Pour Ryle, vouloir aller au-delà de l’analyse conditionnelle du type « si… alors » serait s’engager sur une voie empirique sans issue. Quant au bachelier, contrairement à Ryle, il semble pouvoir parler de l’existence d’un pouvoir causal de l’opium qui, lorsque celui-ci est ingéré est la cause de l’endormissement. Mais qu’est ce qui provoque le rire dans cette explication ? En fait, on se moque d’une illusoire prétention à l’explication causale. Suivant Stephen Mumford[1] on peut restituer la trivialité de l’échange entre le docteur et le bachelier comme suit :

Docteur : Quelle propriété dans l’opium serait la cause induisant le sommeil lorsqu’il est ingéré ?

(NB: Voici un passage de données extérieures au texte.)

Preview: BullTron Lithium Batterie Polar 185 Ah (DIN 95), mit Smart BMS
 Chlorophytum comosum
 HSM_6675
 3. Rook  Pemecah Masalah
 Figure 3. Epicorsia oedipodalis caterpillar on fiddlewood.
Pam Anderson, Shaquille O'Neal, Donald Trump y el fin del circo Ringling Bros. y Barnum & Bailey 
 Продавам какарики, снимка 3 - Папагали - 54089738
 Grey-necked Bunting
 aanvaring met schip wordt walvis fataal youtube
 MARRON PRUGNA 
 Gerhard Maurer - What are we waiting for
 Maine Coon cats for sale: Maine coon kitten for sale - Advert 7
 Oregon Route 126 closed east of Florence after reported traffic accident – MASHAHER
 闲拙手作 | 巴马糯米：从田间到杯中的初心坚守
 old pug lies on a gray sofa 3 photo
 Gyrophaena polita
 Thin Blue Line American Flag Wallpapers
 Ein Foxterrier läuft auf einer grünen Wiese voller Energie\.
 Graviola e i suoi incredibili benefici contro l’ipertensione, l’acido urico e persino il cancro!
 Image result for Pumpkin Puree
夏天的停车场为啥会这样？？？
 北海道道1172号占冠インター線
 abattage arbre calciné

Bachelier : Une vertu dormitive, qui est quelque chose qui cause le sommeil lorsque l’opium est ingéré.

Pour Cyrille Michon, « le fond de la critique est clair : l’attribution d’un pouvoir, qualifié uniquement par son résultat, est inopérante, sa prétention à l’explication (scientifique) obscurantiste. » [2] Si, cependant, comme le conteste David Armstrong, la façon ryléenne de rendre compte de l’esprit en parlant de dispositions manque quelque peu de « punch causal », l’appel à des pouvoirs causaux paraît une voie ontologiquement sérieuse. Cependant, vouloir réhabiliter les pouvoirs ou dispositions ne s’apparente-t-il pas à un retour des vertus dormitives ?

Ecartons ce qui, chez Molière, fait rire : la disposition ne peut pas causer sa manifestation parce qu’elle est logiquement reliée à elle. L’explication est circulaire. En effet, on n’explique pas pourquoi l’opium cause l’endormissement en répondant qu’il fait dormir. Le ridicule de l’explication doit-il, cependant, en un grand rire, tout emporter ? Cela a-t-il un sens de parler de propriétés dispositionnelles ? L’objection théâtrale veut montrer que les dispositions sont nécessairement exclues de la cause, du fait de la connexion analytique avec cet événement. Si l’on estime que tout événement a une cause on peut alors inventer à loisir des pouvoirs comme causes de ces événements. Chez le bachelier, le pouvoir signifie la cause. Trivialement vraie, l’attribution de pouvoirs ne nous informe de rien.

On peut cependant admettre que les propriétés confèrent aux objets des pouvoirs causaux. Autrement dit que les propriétés intrinsèques des objets concrets se distinguent par les contributions différentes qu’elles apportent aux pouvoirs ou dispositions de leurs possesseurs.

Cependant, selon la conception de la causalité que l’on soutiendra, dépendra la place que nous serons susceptibles de faire aux dispositions ou pouvoirs. En effet, si l’on pense que la causalité se définit seulement comme récurrence de relations régulières alors peut-être pourrons-nous détecter les causes, ce qui n’est pas rien dans le projet de la science, mais aucune puissance ne saurait leur être attribuées. Par contre, si l’on veut chercher à comprendre, au-delà du recours à la régularité nomologique, pourquoi à chaque fois que l’on ingère de l’opium on s’endort, la subsomption du phénomène observé sous les lois de nature n’apportera pas la réponse. Alors, et si la réponse du bachelier de Molière n’était pas totalement obscure !

Références

[1] 1998, Dispositions, Oxford: Oxford University Press, p. 137.

[2]  2005, « Les vertus dormitives de l’opium », B. Gnassounou et M. Kistler, Causes, pouvoirs, dispositions en philosophie : le retour des vertus dormitives, PUF, p. 41-42.